Per questo serve la politica. Qui Angela Merkel assomiglia al Sarkozy - a parole, non nella mimica - che anche in mezzo alla globalizzazione, ieri rivendicava il primato dello Stato. La politica come valore e come sentinella dell'interesse collettivo.
E come il suo compagno di strada, apparentemente improbabile ma concretamente effettivo, il cancelliere tedesco difende l'euro. «Se l'euro fallisce è l'intera Europa che fallisce. Difenderemo questo euro. Dobbiamo renderlo stabile e durevole». La moneta comune al centro del nostro futuro. Non c'è in questo il volo pindarico di Nicolas Sarkozy, il giorno prima: l'euro non solo come moneta ma come valore identitario del continente. Merkel è stringata all'essenziale ma non meno efficace rispetto al futuro della collettività europea.

Il fantasma di qualche fallimento è sempre presente nell'aria fredda di Davos. E' per interessi concreti e paure nascoste a fatica, che molti al Word Economic Forum vorrebbero sapere dal cancelliere tedesco se, caso mai, ci fossero altri fondi a disposizione per alleggerire debiti ingestibili. Fino ad ora la Germania si è sempre opposta ad altre elargizioni.

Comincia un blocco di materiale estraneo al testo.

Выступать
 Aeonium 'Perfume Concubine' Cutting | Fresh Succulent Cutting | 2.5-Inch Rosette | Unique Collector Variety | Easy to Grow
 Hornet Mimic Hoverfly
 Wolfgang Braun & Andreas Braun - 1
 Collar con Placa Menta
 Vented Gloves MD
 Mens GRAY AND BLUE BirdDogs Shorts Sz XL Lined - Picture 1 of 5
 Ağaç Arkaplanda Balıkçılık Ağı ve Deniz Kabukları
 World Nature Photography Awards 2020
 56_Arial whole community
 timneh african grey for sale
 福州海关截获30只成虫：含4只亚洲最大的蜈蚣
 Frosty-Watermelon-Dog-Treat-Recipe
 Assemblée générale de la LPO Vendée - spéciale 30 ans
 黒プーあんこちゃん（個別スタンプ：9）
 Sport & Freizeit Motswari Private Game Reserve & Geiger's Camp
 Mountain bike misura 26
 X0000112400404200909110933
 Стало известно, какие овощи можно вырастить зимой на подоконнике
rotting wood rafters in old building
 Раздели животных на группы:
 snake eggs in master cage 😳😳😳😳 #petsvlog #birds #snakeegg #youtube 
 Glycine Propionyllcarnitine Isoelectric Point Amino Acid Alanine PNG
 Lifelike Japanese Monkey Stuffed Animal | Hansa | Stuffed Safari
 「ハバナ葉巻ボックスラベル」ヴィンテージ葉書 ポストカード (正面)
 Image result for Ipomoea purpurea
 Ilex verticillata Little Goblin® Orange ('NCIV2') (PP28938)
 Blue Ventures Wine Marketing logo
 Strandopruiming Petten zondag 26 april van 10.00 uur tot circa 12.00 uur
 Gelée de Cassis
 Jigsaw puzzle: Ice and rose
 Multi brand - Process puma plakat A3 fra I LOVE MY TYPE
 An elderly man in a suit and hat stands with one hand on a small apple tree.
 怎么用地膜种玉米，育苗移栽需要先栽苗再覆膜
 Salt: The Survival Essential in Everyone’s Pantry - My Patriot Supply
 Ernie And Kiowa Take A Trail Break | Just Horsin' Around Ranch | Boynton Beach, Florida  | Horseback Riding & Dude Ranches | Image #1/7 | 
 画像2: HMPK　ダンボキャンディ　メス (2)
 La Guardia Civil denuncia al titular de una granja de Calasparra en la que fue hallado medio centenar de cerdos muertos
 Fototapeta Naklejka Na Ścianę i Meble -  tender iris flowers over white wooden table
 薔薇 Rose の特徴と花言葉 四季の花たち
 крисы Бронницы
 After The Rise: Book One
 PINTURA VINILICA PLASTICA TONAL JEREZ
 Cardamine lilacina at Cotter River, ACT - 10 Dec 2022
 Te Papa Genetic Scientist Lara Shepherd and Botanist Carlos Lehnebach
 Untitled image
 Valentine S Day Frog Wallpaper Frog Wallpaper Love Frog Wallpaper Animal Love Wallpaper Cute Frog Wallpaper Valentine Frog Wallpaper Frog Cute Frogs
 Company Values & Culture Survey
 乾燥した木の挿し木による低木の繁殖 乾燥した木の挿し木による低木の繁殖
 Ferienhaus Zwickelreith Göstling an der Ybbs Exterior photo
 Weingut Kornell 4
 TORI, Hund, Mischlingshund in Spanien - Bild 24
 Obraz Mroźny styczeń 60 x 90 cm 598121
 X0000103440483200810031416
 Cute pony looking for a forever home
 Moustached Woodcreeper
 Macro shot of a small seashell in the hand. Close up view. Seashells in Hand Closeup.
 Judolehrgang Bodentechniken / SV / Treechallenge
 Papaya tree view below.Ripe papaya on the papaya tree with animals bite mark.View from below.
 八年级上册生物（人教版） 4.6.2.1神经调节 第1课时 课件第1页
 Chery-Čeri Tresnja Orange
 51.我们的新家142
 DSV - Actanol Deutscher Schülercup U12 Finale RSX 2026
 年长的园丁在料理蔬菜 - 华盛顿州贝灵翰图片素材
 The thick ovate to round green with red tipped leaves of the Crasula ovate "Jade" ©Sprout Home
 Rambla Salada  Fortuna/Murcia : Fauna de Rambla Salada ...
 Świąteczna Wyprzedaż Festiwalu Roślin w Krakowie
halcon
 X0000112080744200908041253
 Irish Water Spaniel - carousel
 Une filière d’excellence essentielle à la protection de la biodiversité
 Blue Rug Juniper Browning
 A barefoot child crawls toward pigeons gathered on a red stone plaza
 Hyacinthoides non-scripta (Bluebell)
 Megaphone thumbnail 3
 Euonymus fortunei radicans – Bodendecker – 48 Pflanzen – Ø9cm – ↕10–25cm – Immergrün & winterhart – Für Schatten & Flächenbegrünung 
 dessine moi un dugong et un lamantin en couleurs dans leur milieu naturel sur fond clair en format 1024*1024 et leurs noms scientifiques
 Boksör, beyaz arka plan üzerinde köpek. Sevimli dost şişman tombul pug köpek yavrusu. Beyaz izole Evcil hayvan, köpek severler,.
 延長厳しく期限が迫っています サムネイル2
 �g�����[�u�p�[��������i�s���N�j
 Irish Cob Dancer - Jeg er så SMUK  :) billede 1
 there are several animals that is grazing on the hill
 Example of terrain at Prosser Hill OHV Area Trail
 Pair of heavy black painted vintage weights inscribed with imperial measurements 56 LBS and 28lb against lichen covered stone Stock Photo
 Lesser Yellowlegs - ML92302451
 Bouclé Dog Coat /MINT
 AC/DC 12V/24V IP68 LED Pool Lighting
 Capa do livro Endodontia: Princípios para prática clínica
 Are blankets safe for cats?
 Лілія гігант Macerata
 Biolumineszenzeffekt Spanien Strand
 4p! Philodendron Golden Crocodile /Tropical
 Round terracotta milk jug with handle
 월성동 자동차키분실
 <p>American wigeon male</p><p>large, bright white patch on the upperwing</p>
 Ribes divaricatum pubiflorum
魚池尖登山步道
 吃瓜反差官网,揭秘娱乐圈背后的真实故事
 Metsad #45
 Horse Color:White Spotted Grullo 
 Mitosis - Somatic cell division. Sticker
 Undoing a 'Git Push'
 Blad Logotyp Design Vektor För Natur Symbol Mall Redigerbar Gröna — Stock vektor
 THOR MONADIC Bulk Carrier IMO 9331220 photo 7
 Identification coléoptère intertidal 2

E ieri, unica delusione fra le nevi di Davos, Angela Merkel non ha detto niente. Ma la speranza è l'ultima a morire. Non ha detto che continuerà ad opporsi: semplicemente non ha detto niente, dunque potrebbe cambiare idea. Anche George Papandreu con il volto sempre più triste e la sua delegazione greca, ieri sera hanno lasciato Davos con un mezzo sorriso. Nessuno ha mai detto che il World Economic Forum negasse ai suoi ospiti di sognare.